Intended for healthcare professionals

Opinion Primary Colour

Helen Salisbury: Weight loss treatment—available in theory but not in practice

BMJ 2024; 386 doi: https://doi.org/10.1136/bmj.q1626 (Published 23 July 2024) Cite this as: BMJ 2024;386:q1626
  1. Helen Salisbury, GP
  1. Oxford
  1. helen.salisbury{at}phc.ox.ac.uk
    Follow Helen on X @HelenRSalisbury

In general practice, some of the most challenging and frustrating consultations we have are those where a treatment does exist but, despite our best efforts, our patients can’t get it. Medication to aid weight loss comes into this category.

It’s hard for patients to ask for help with excess weight. They often experience a sense of failure and are all too aware of how they’re seen and judged by a society that celebrates thinness and regards obesity as a visible sign of weakness and sloth. They often fear that their doctor will share this view.

Many patients come to us having tried dozens of diets, typically losing a little weight only to regain it shortly afterwards. Some have had success with weight loss groups—shown to be more effective than lone dieting—but the loss is often modest, brief, or both.1 Meanwhile, the toll of excess weight on their bodies is considerable, contributing to multiple physical problems, including hypertension and diabetes. Joint problems are a major issue and play a role in an unhappy cycle of inactivity, weight gain, and then worsening arthritis.

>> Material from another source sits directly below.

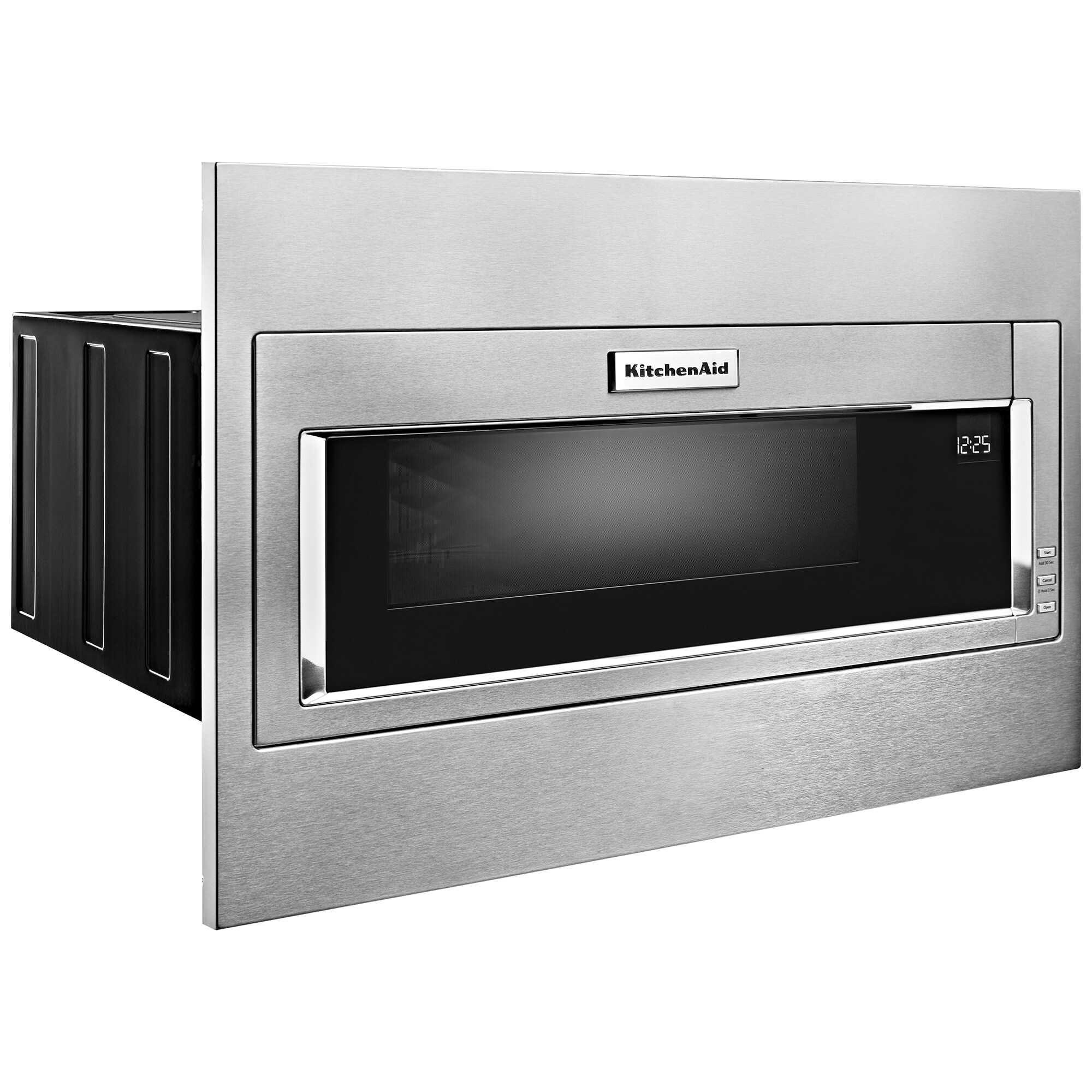 KitchenAid 30 in. 1.1 cu. ft. 1000W Low Profile Built-In Microwave with Sensor Cooking - Stainless Steel, , hires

The health problems associated with obesity make it expensive for the nation, and it causes both long and short term sickness absences that keep people out of the workforce.2 We clearly need far reaching, government led strategies to regulate unhealthy food and the obesogenic environment, but in the short term we must look to medication.

Medication that helps people to reduce their weight safely has been the holy grail of drug companies for generations. Injectable GLP-1 agonists, which were developed to treat diabetes but have an additional effect of suppressing appetite, are now filling this role. Though not perfect, they’re better than anything we had before. Semaglutide is widely prescribed in diabetes care, and in March the National Institute for Health and Care Excellence approved its use to aid weight loss where there are comorbidities related to obesity, but it stipulated that this must be prescribed in a specialist clinic.3

The problem is that access to these specialist clinics is almost impossible. The waiting lists are very long, and when patients do finally have a consultation they’re unlikely to get a prescription for the medication that could help them.4 A patient who ticked all the boxes for severe complications of extreme obesity, apart from diabetes, was told by the service commissioned for our area that it was prescribing only for patients who needed transplants or chemotherapy.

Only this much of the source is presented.